The battle of the North Cape was the last major surface battle fought by the Royal Navy during the Second World War, and effectively eliminated the threat to the Arctic convoys posed by the German surface fleet. It saw the last active German battleship sunk, in what turned into a very one sided battle after the British successfully ambushed the Scharnhorst.
The book begins with a useful introduction to the naval campaign in northern waters, looking at the reason for the Arctic convoys, the various German attacks on them, the movement of their surviving capital ships to the north of Norway, and the battle of the Barents Sea, the previous German attempt to use their larger ships to attack a convoy. A look at the campaign map makes you realise just how vulnerable the Russia convoys were, with the German occupied Norwegian coast to their east for almost the entire voyage.
The standard ‘Opposing’ chapters come next, but here they feel like they produce a coherent narrative of the build-up to the battle, looking at the advantages the British had in each field – officers, ships and plans. We then move on to an excellent account of the battle itself, with each twist and turn seen from both sides, so we get to feel the uncertainty on the German side, the nervousness on the British side (especially when it looked as if the Scharnhorst might escape), and the eventual destruction of the Scharnhorst.
I would quibble slightly with the suggestion that this battle was entirely the last of its kind. It was certainly the last battle in which a British battleship fought an enemy battleship, and the last clash between battleships that only involved surface ships, but the last clash between battleships actually came almost a year later, during the battle of the Surigao Strait on 25 October 1944, part of the battle of Leyte Gulf (although that battle was influenced by air power).
The build up to the battle demonstrates just how big an advantage the British had at sea by 1943. First was the cracking of the German codes, which meant that the British commander, Admiral Fraser, had a pretty good idea what the Germans were doing.

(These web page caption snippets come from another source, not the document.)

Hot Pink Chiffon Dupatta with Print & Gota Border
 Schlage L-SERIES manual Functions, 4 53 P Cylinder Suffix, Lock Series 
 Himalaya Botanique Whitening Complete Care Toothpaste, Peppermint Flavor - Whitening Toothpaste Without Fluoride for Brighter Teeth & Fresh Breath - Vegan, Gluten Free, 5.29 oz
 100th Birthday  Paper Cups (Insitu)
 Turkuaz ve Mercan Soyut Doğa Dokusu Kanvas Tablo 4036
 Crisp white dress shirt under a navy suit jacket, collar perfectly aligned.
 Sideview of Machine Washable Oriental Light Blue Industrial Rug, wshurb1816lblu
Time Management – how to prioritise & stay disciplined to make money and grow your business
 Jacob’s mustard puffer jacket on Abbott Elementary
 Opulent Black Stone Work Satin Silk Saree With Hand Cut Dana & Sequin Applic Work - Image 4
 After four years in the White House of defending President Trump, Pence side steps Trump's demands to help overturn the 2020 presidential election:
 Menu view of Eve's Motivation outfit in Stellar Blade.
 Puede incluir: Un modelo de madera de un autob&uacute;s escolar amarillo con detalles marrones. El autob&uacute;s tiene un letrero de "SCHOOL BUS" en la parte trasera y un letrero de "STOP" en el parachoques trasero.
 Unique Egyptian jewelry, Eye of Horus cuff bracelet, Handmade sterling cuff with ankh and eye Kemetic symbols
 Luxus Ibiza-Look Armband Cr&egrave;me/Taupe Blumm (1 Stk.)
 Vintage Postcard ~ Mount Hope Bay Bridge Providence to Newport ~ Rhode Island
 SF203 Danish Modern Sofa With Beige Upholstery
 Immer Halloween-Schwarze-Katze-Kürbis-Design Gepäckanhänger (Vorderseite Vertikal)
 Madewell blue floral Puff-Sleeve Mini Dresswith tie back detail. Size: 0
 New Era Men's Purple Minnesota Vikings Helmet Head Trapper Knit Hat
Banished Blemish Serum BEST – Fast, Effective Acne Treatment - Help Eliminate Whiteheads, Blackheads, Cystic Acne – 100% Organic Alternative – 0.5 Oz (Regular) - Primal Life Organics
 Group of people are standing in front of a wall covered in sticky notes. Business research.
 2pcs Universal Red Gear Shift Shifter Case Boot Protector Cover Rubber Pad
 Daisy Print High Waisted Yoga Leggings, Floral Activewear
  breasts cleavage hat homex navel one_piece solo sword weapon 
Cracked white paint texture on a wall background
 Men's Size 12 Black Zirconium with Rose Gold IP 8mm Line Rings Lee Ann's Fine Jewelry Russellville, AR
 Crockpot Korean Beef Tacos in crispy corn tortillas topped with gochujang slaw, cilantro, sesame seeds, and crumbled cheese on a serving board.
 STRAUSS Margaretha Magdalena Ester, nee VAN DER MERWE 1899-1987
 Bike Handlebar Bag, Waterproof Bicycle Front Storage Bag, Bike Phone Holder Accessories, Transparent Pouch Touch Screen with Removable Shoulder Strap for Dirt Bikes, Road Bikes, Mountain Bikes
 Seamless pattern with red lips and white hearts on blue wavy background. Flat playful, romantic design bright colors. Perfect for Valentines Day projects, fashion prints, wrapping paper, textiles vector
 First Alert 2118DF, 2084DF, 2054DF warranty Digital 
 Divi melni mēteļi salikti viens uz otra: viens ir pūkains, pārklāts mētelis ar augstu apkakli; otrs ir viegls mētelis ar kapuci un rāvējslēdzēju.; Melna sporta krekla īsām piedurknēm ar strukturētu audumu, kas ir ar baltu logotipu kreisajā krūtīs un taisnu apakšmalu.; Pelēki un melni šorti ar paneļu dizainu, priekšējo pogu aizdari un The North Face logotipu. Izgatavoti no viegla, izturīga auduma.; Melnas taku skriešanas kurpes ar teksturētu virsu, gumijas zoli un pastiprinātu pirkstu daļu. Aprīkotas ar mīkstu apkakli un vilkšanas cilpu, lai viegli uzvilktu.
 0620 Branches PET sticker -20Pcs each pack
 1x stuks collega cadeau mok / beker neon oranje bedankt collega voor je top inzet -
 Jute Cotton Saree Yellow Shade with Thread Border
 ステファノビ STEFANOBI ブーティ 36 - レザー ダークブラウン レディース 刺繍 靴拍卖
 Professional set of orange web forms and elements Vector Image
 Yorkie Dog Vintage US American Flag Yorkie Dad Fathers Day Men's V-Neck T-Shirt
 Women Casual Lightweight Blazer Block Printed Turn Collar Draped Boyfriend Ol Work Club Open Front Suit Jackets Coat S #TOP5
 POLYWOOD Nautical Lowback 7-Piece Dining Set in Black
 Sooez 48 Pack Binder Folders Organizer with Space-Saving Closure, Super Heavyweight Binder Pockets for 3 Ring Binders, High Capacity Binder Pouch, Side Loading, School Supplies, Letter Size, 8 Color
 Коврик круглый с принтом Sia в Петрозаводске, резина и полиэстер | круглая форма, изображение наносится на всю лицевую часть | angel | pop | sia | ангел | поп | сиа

Second was superior radar, which would prove to be especially valuable in a battle fought in the dark of an Arctic winter (the Germans also had naval radar, but used it so badly that the Scharnhorst was caught by surprise on three separate occasions during the battle!). Third was much superior experience of active naval operations, which meant that the Admiralty was able to coordinate two naval forces and two convoys, and provide Fraser with an experienced staff. In contrast the German commander, Admiral Bey, was left with a small, inexperienced staff (partly because his predecessor had taken most of his staff with him when he left, but mainly because the German battleships spent most of their time in port, so their staff simply didn’t have the chance to gain experience). Fourth was that the Germans would be badly outnumbered in the fight – Scharnhorst would only be supported by five destroyers, and then only for part of the battle, while the British were able to commit the battleship Duke of York (with more powerful guns than her opponent), four cruisers and eight destroyers to the two covering forces.
The account of the battle itself makes it clear that despite all of their advantages, the British victory owned a remarkable amount to luck! Even the British radar was comparatively short range, so there was a great deal of chance involved in when and if the two forces actually found each other. At the start of the clash the Scharnhorst actually got into a good position to attack one of the convoys involved, but didn’t realise this and missed the chance. Twice she was able to use her superior speed to escape from the British cruisers, and the Scharnhorst was almost out of range when a lucky hit from the Duke of York, fired under radar guidance with their opponent out of sight, hit in just the right place to cut the Scharnhorst’s speed.